→ **TASK INSTRUCTIONS**
In the entries that follow, find the line containing "this 236×177 image."; from there, copy every line exactly through the line containing "this 600×399 image.".

→ **PROVIDED ENTRIES**

· · ·

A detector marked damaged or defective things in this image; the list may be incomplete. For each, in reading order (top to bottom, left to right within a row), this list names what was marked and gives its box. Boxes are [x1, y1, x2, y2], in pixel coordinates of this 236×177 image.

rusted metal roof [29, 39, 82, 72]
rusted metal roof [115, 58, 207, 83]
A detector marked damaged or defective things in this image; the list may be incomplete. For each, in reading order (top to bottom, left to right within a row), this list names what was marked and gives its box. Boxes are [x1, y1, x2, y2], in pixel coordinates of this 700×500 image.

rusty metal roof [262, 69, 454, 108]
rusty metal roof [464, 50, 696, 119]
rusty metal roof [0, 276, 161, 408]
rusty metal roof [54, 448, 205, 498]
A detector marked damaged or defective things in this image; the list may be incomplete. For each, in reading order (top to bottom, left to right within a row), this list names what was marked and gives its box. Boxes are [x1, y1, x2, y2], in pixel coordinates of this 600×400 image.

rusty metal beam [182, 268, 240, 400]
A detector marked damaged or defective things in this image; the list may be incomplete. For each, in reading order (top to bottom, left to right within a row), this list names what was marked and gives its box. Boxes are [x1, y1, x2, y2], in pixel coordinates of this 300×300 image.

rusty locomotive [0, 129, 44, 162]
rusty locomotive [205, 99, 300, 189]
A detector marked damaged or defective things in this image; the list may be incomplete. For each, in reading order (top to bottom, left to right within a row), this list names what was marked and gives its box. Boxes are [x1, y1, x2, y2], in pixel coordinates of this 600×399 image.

· · ·

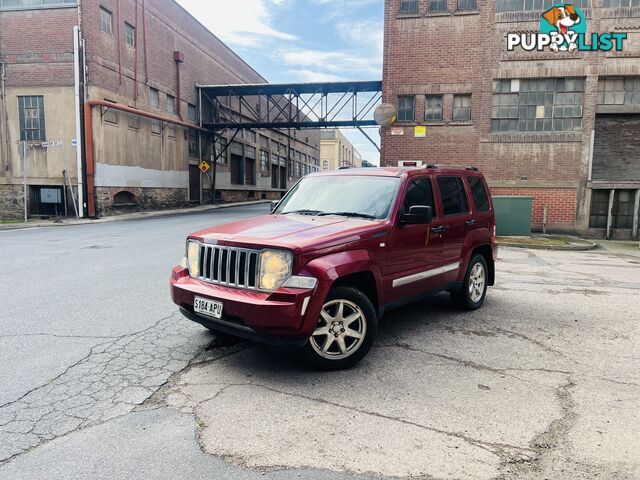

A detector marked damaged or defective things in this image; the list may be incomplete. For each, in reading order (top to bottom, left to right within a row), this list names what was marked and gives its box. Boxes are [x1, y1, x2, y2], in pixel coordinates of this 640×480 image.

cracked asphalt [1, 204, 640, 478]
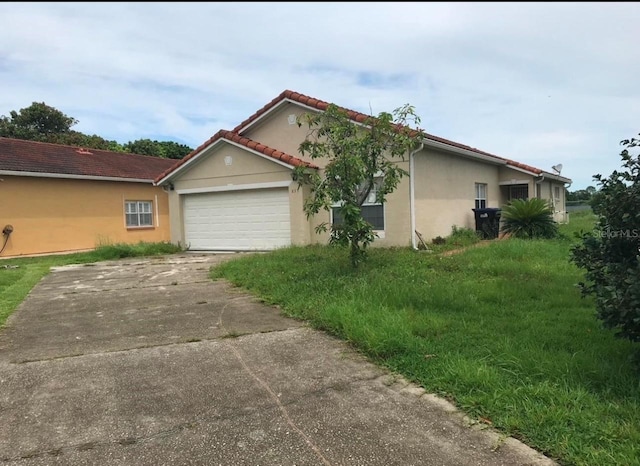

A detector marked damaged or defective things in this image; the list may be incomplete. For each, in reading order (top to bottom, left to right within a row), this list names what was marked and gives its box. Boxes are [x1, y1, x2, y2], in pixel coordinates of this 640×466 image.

· · ·

→ **EXERCISE SOLUTION**
A detector marked damaged or defective things in this image; the list may be incomplete. For each, in reading order (top to bottom, left to right within a row), this list names what was marked and gives its box. Boxes are [x1, y1, x2, y2], in pixel coordinates of this 236×177 image.

rusted metal roof [29, 39, 82, 72]
rusted metal roof [115, 58, 207, 83]
A detector marked damaged or defective things in this image; the list may be incomplete. For each, in reading order (top to bottom, left to right within a row), this list names what was marked and gives its box. Boxes are [x1, y1, x2, y2], in pixel coordinates of this 700×500 image.

rusty metal roof [262, 69, 454, 108]
rusty metal roof [464, 50, 696, 119]
rusty metal roof [0, 276, 161, 408]
rusty metal roof [54, 448, 205, 498]
A detector marked damaged or defective things in this image; the list may be incomplete. For each, in reading order (top to bottom, left to right within a row), this list names what was marked and gives its box. Boxes are [x1, y1, x2, y2], in pixel coordinates of this 600×400 image.

rusty metal beam [182, 268, 240, 400]
A detector marked damaged or defective things in this image; the list may be incomplete. For each, in reading order (top to bottom, left to right within a row), this list names what was marked and gives its box. Boxes are [x1, y1, x2, y2], in pixel coordinates of this 300×300 image.

rusty locomotive [0, 129, 44, 162]
rusty locomotive [205, 99, 300, 189]
A detector marked damaged or defective things in this image; the list may be incomplete. For each, in reading order (top to bottom, left to right within a row), this list names what was marked and gives its box. Boxes are [x1, y1, x2, y2], in pixel coordinates of this 600×399 image.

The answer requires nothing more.